(Short web captions)

⁂

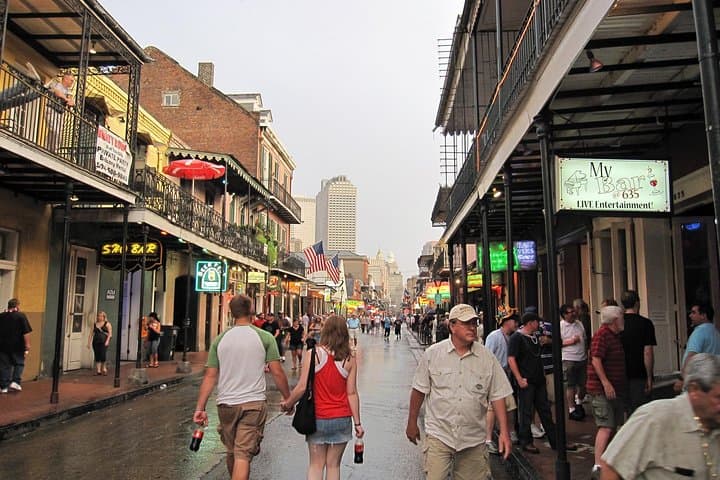 New Orleans City & Barataria Swamp Full-Day Tour: French Quarter, Tombs, and Gators photo 4
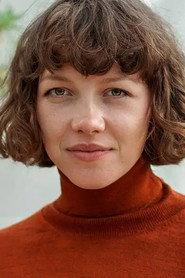 Saskia Mommertz as Sister in The Funeral Dancer
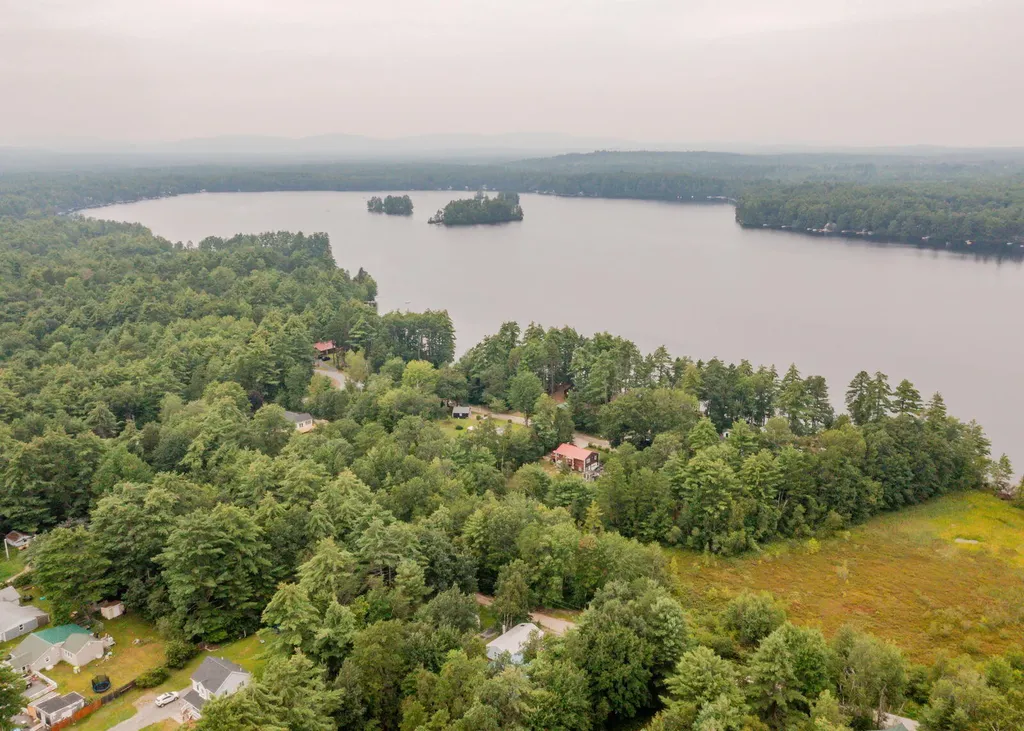 23 Dorothy Drive Standish ME 04084
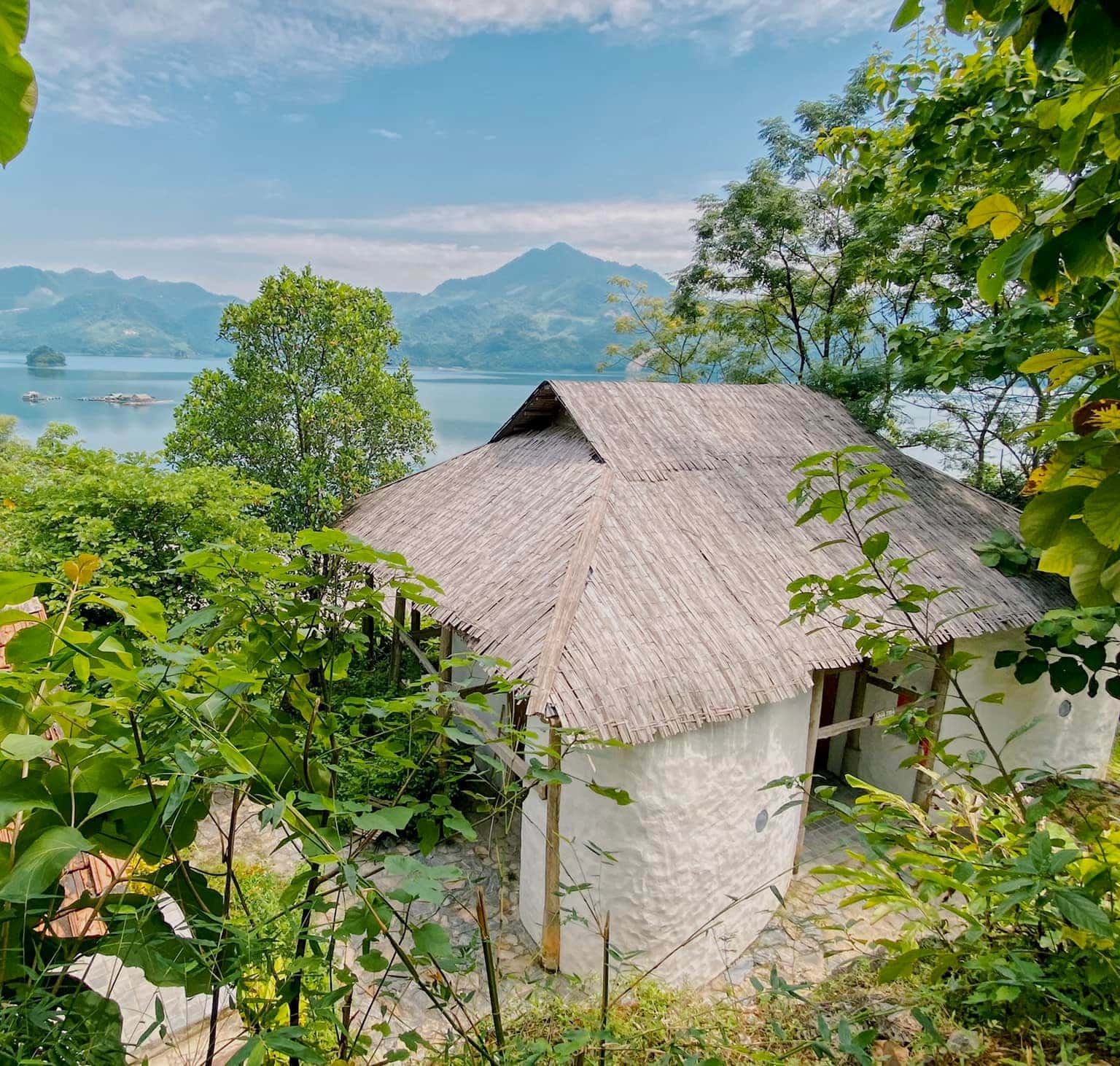 Sân nhà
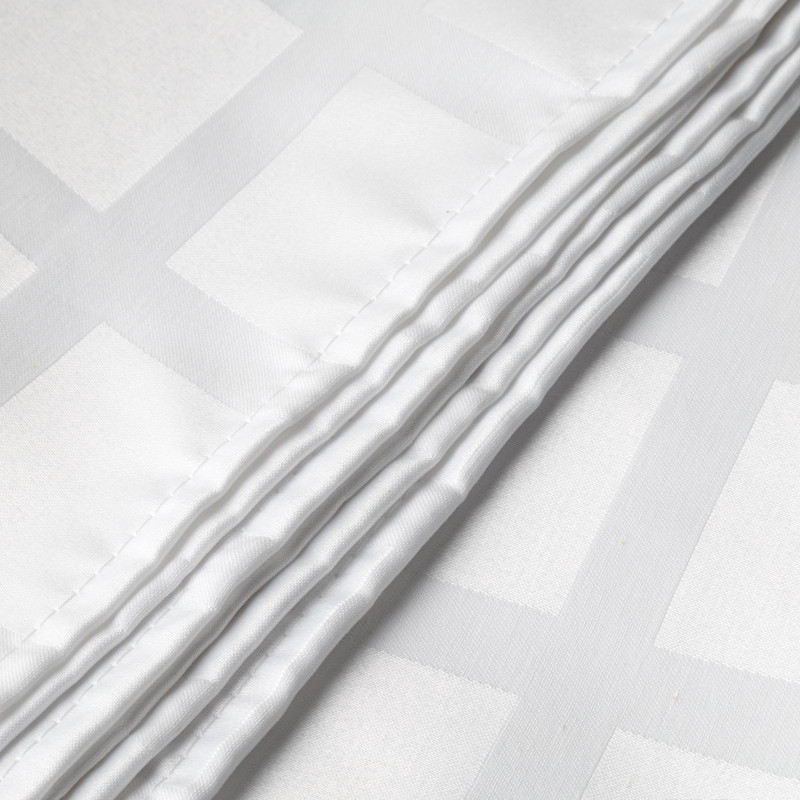 Скатерть Luscan Журавинка 145х145см (88%ПЭ, 12%хлопок) рис квадрат, белый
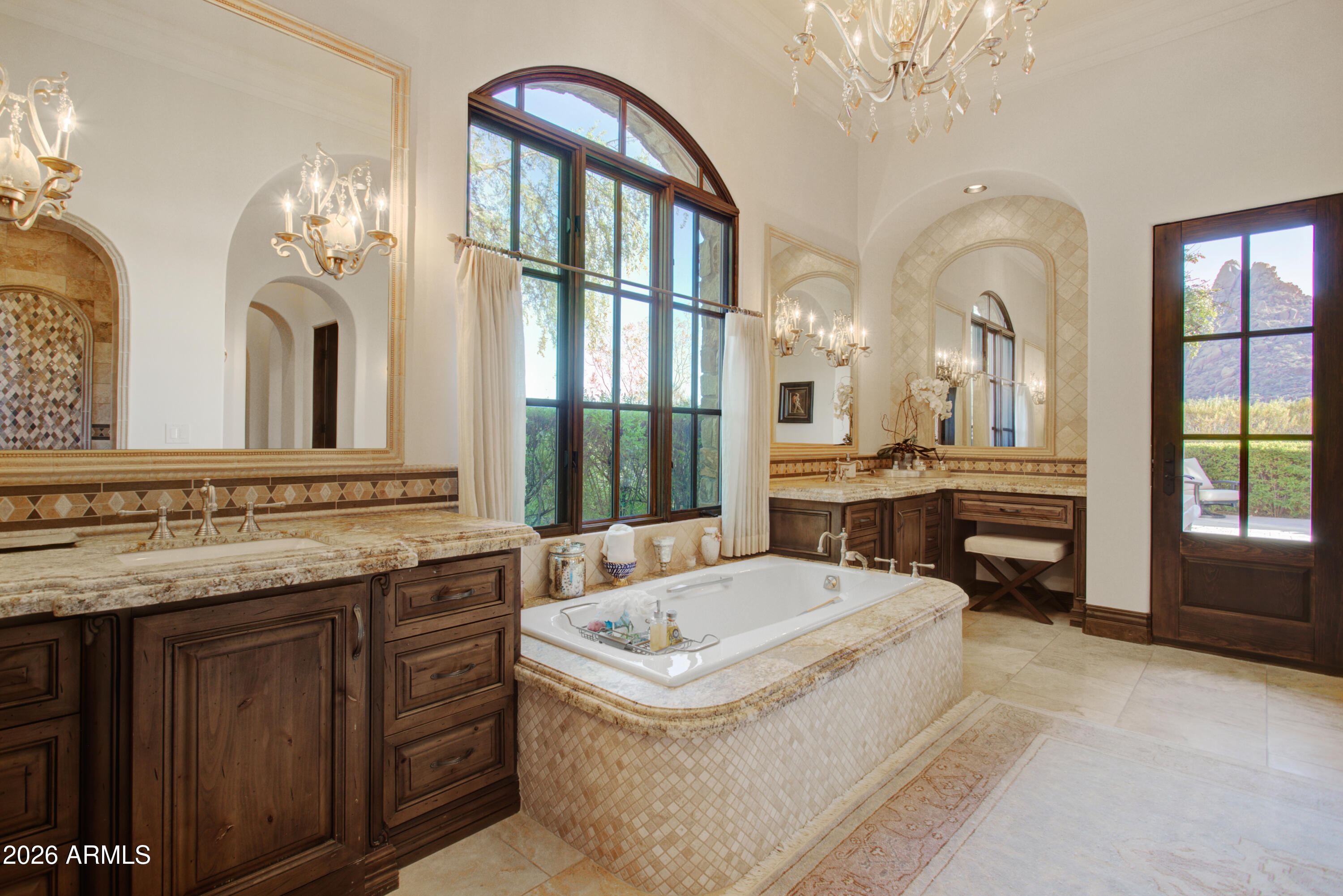 ESTANCIA - Residential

⁂

§ **YOUR ASSIGNMENT**
Copy the entries exactly. Leave the pictures out.

§ **OUTPUT OF THE EXERCISE**
 New Orleans City & Barataria Swamp Full-Day Tour: French Quarter, Tombs, and Gators photo 4
 Saskia Mommertz as Sister in The Funeral Dancer
 23 Dorothy Drive Standish ME 04084
 Sân nhà
 Скатерть Luscan Журавинка 145х145см (88%ПЭ, 12%хлопок) рис квадрат, белый
 ESTANCIA - Residential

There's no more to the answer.